Brief descriptive captions
-*-

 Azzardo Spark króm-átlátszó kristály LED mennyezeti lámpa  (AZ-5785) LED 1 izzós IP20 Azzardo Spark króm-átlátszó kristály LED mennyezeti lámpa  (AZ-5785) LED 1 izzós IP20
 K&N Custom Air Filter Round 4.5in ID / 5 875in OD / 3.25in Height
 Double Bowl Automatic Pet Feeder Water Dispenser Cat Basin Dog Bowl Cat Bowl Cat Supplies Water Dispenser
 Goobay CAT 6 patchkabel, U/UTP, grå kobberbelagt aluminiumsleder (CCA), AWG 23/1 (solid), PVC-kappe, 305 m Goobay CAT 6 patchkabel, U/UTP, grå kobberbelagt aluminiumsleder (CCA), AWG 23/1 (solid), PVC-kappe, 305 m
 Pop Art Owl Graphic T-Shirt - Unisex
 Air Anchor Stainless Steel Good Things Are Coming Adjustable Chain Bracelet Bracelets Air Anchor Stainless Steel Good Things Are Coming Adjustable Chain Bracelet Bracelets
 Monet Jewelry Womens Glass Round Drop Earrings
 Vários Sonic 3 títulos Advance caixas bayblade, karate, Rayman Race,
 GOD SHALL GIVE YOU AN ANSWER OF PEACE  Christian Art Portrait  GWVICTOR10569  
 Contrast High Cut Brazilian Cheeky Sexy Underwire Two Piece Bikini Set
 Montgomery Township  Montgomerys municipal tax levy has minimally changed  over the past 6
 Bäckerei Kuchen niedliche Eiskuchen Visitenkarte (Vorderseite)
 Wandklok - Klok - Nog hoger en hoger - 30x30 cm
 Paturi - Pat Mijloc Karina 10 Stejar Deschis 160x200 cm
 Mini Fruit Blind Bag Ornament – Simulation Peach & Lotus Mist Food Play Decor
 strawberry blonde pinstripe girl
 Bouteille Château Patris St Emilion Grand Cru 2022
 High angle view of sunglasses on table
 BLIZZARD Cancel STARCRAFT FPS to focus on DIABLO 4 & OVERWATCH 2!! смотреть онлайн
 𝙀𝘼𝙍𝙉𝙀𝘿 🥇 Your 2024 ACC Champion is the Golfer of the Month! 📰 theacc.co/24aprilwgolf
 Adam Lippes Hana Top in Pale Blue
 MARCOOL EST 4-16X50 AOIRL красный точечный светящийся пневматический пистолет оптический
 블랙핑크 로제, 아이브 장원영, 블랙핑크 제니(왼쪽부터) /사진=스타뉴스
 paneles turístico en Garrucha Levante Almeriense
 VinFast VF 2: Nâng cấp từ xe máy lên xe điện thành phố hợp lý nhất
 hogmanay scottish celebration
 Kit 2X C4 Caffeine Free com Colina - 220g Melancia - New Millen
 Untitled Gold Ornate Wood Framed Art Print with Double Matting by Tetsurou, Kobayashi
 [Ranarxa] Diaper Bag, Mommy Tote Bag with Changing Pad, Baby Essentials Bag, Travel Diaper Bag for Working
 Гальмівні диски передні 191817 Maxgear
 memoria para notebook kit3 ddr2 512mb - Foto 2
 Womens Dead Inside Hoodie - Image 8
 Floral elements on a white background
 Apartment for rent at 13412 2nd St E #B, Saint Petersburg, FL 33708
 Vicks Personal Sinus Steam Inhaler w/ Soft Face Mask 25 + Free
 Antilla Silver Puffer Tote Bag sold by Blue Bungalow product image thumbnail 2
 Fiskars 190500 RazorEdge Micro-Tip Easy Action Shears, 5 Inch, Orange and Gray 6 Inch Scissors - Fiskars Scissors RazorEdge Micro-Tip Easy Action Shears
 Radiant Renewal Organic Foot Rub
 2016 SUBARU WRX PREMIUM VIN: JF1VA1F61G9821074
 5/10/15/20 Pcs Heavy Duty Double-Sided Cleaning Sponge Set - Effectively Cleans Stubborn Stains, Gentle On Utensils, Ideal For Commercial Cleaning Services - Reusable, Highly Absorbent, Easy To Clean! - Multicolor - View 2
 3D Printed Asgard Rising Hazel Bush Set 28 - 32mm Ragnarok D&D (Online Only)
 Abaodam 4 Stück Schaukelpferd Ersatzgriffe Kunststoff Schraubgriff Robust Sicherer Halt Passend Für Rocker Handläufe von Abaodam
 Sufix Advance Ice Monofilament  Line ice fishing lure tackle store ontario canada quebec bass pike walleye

-*-

YOUR OBJECTIVE -> Every line of the records that includes the word "Tote" should be gathered.

RESPONSE ->
 [Ranarxa] Diaper Bag, Mommy Tote Bag with Changing Pad, Baby Essentials Bag, Travel Diaper Bag for Working
 Antilla Silver Puffer Tote Bag sold by Blue Bungalow product image thumbnail 2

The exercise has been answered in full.